Detailed explanation is highly appreciated.Thanks in advance


Solution

  • There are different ways you can persist in your dataframe in spark.

    1)Persist (MEMORY_ONLY)

    when you persist data frame with MEMORY_ONLY it will be cached in spark.cached.memory section as deserialized Java objects. If the RDD does not fit in memory, some partitions will not be cached and will be recomputed on the fly each time they're needed. This is the default level and can some times cause OOM when the RDD is too big and cannot fit in memory(it can also occur after recalculation effort).

    To answer your question

    If that is the case then OOM error should never occur but it does.What is the reason? even after recalculation you need to fit those rdd in memory. if there no space available then GC will try to clean some part and try to allocate it.if not successfully then it will fail with OOM


    2)Persist (MEMORY_AND_DISK)

    when you persist data frame with MEMORY_AND_DISK it will be cached in spark.cached.memory section as deserialized Java objects if memory is not available in heap then it will be spilled to disk. to tackle memory issues it will spill down some part of data or complete data to disk. (note: make sure to have enough disk space in nodes other no-disk space errors will popup)


    3)Persist (MEMORY_ONLY_SER) when you persist data frame with MEMORY_ONLY_SER it will be cached in spark.cached.memory section as serialized Java objects (one-byte array per partition). this is generally more space-efficient than MEMORY_ONLY but it is a cpu-intensive task because compression is involved (general suggestion here is to use Kyro for serialization) but this still faces OOM issues similar to MEMORY_ONLY.


    4)Persist (MEMORY_AND_DISK_SER) it is similar to MEMORY_ONLY_SER but one difference is when no heap space is available then it will spill RDD array to disk the same as (MEMORY_AND_DISK) ... we can use this option when you have a tight constraint on disk space and you want to reduce IO traffic.


    5)Persist (DISK_ONLY) In this case, heap memory is not used.RDD's are persisted to disk. make sure to have enough disk space and this option will have huge IO overhead. don't use this when you have dataframes that are repeatedly used.
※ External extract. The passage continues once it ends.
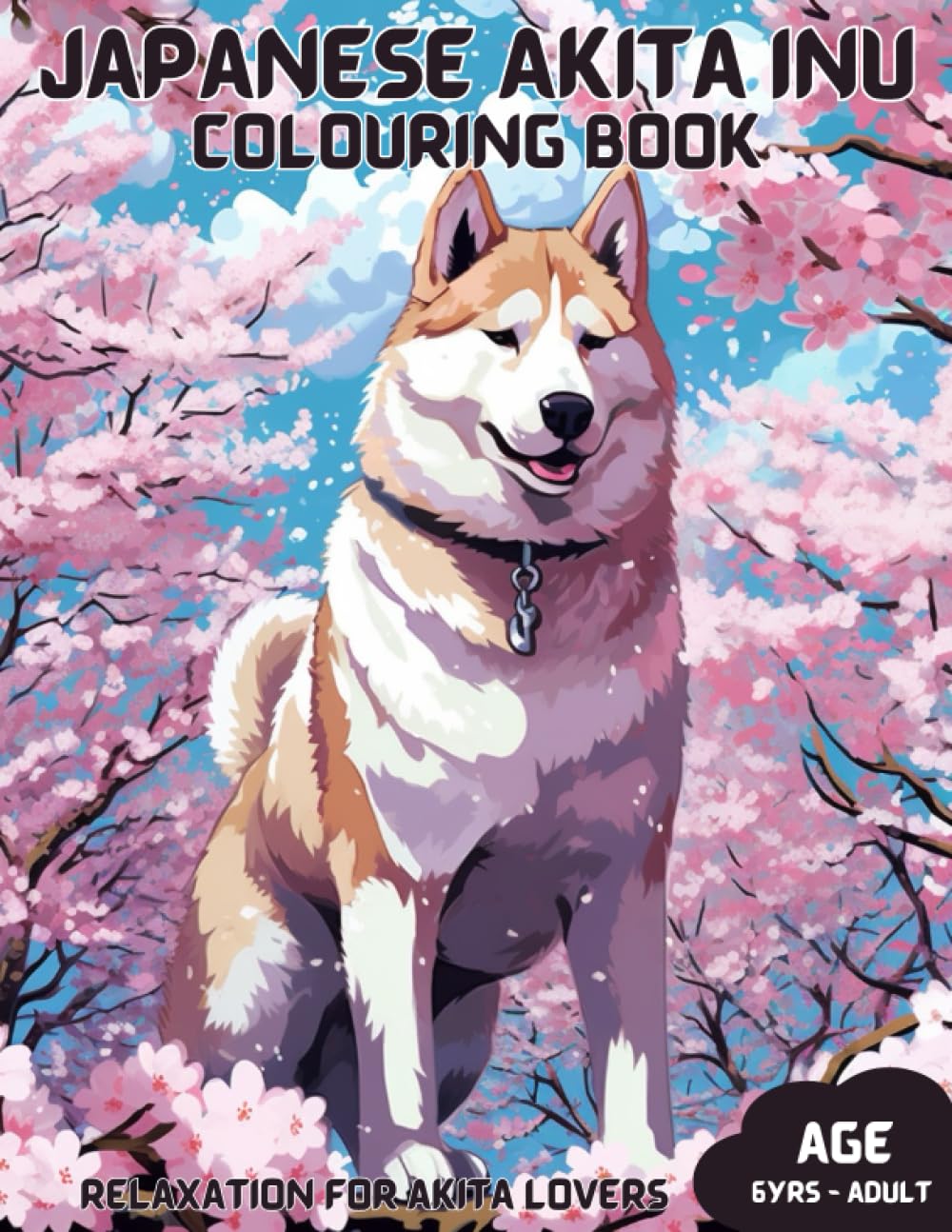 Japanese Akita Inu Coloring Book: Awesome Japanese Akita Inu Coloring Book for Kids & Adults
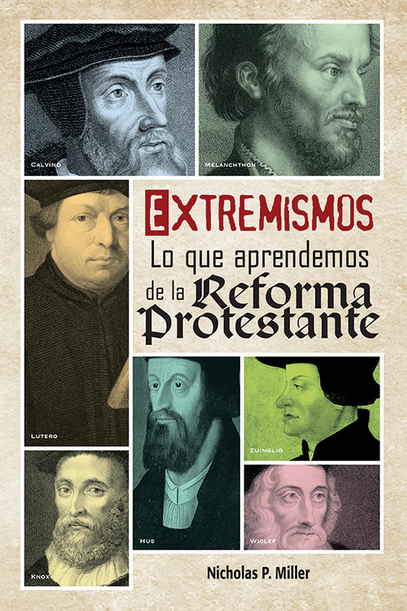 Portada del libro en la que aparecen retratos de figuras de la Reforma protestante, con el título «Extremismos: Lo que aprendemos de la Reforma protestante», de Nicholas P. Miller, en el que se exploran temas como el creacionismo y su impacto en los acontecimientos de los últimos días.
    6)Persist (MEMORY_ONLY_2 or MEMORY_AND_DISK_2) These are similar to above mentioned MEMORY_ONLY and MEMORY_AND_DISK. the only difference is these options replicate each partition on two cluster nodes just to be on the safe side.. use these options when you are using spot instances.


    7)Persist (OFF_HEAP) Off heap memory generally contains thread stacks, spark container application code, network IO buffers, and other OS application buffers. even you can utilize this part of the memory from RAM for caching your RDD with the above option.